Test the pseudo random generator

It's dangerous to blindingly trust your system's pseudo random generator as far as encryption, simulation or statistics are concerned. This test is based on a theorem given by Ernesto Cesaro ( proof can be found in[KUNTH: the art of computer programming, 1998]).

<font size="2"> /*
 * Created on 12-Sep-2003
 *
 * To change the template for this generated file go to
 * Window - Preferences - Java - Code Generation - Code and Comments
 */
import java.util.Random;
/**
 * This class tests the reliability of the random generator of a certain
 *  computer system or vm. If the result is very close to the 
 * value of Math.PI, congratulations. If not, please be careful
 * when you use your random generator to do some serious task.
 * 
 * @author Ellen Zhao
 * @version 1.0
 */
public class RandomGeneratorTest {

// Counter of pairs of mutual prim positive integers
private static int primCounter = 0;
// Caculates the largest common divisor of two positive random integers.
private static int EuclidLCD(int int1, int int2) {
int d = int1 % int2;
if (d != 0) {
return EuclidLCD(int2, d);
}
return int2;
}
// Does a test according to Ernesto Cesaro Theorem
private static double ErnestoCesaroTest(int primCounter) {
// Here is the 6 is a constant and 100000 is a variable.
// 100000 is the value of the max i in the for loop in 
// the main method. If the upper boundary of i is 1000000
// then please modify the 100000 to 1000000
int temp = 6 * 100000 / primCounter;
return Math.sqrt(temp);
}
public static void main(String[] args) {
Random random = new Random();
for (int i = 1; i <= 100000; i++) {
// Generates two different positive integers
int int1 = Math.abs(random.nextInt());
int int2 = Math.abs(random.nextInt());
// Calls the Euclid largest common divisor method
if (int1 >= int2) {
if (EuclidLCD(int1, int2) == 1) {
primCounter++;
}
} else {
if (EuclidLCD(int2, int1) == 1) {
primCounter++;
}
}
}

// Prints the result of ErnestoCesaroTest
System.out.println(ErnestoCesaroTest(primCounter));
}
}
 </font>

I was testing it on Java SDK 1.4.2, always got an output of 3.0. But I caculated using the primCounter which given by this program with my pocket Caculator, the value is rather close to 3.1416....... Why didn't the program above print a longer double, but always simply 3.0?

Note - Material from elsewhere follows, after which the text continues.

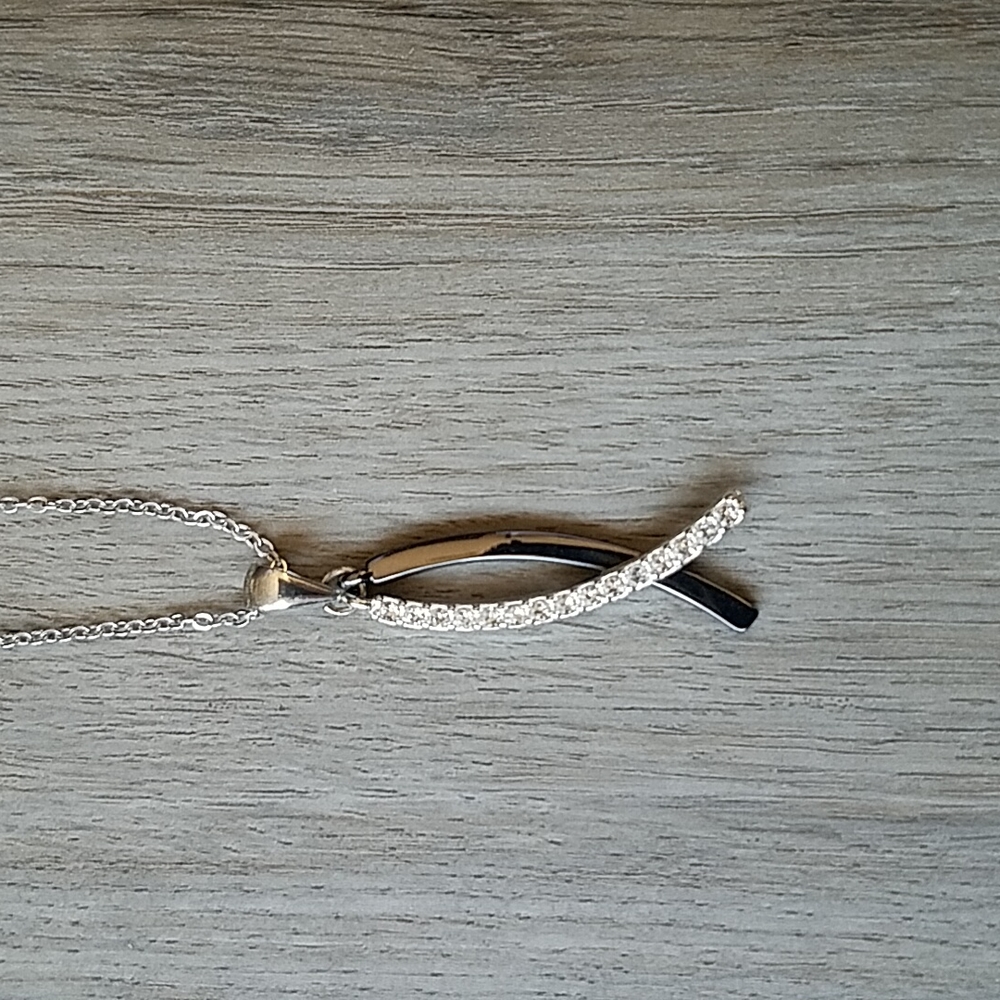 Premier Designs Necklace Silver Tone  NWT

Thank you very much in advance.
Regards,
Ellen
[ September 12, 2003: Message edited by: Ellen Zhao ]

I think because you're truncating the value. In this expression:
int temp = 6 * 100000 / primCounter;
by using "int" for temp, you're effectively limiting the possible results to square roots of integers. Pi^2 is 9.7, rather far from an integer; it's getting truncated to 9, and so the printed result is 3.
To fix, use this:
double temp = 6.0 * 100000 / primCounter;
(note the 6 being changed to 6.0, to make the numerator of this fraction be a double.) You should then get values which are, indeed, close to Pi!